*** Begin section ***

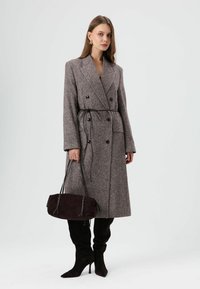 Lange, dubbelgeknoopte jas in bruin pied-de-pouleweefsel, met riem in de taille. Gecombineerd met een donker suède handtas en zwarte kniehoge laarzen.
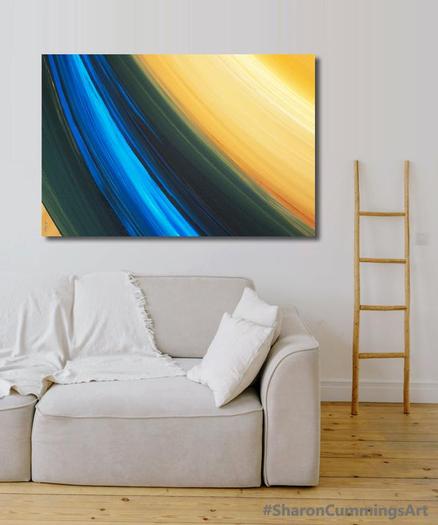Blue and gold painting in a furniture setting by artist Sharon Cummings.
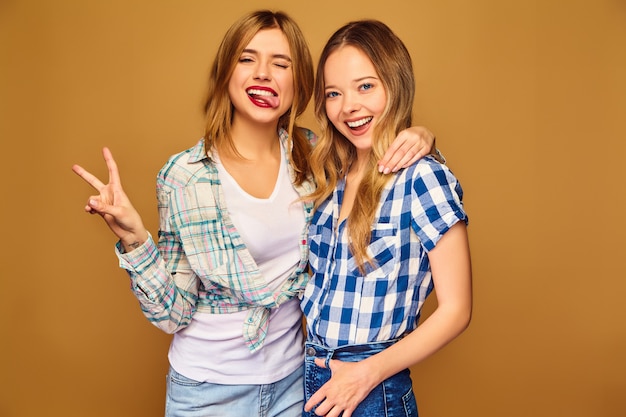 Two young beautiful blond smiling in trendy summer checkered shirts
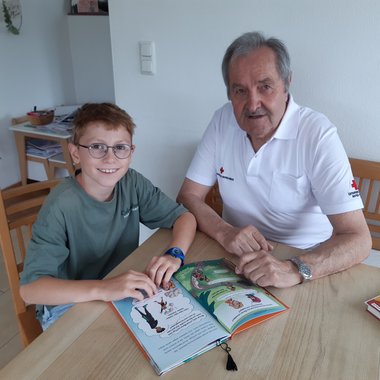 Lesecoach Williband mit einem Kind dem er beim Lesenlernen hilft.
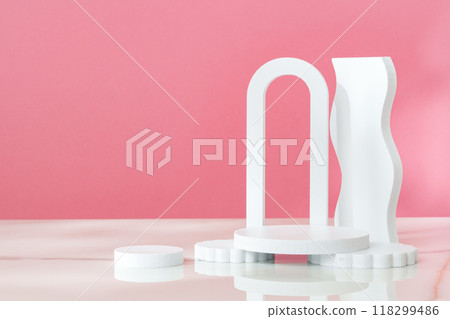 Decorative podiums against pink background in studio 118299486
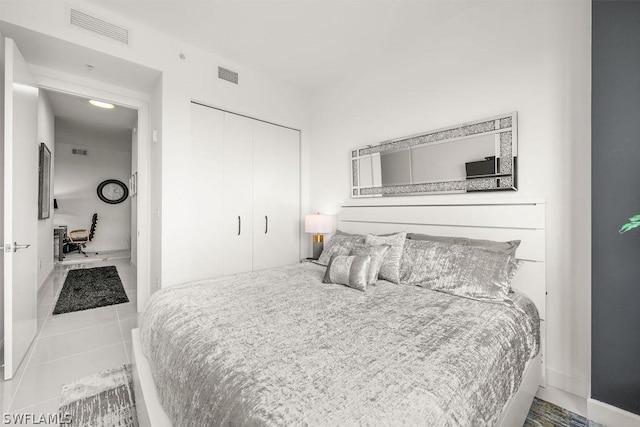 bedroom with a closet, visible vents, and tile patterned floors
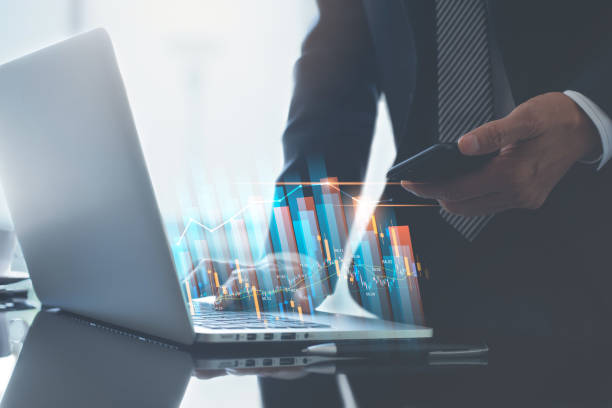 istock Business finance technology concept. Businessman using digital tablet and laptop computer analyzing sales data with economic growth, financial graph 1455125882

*** End section ***

Problem to work on: An exact restatement is expected of the lines from the line containing "Decorative podiums against" to the end of the data above, pictures excluded.

Response:
 Decorative podiums against pink background in studio 118299486
 bedroom with a closet, visible vents, and tile patterned floors
 istock Business finance technology concept. Businessman using digital tablet and laptop computer analyzing sales data with economic growth, financial graph 1455125882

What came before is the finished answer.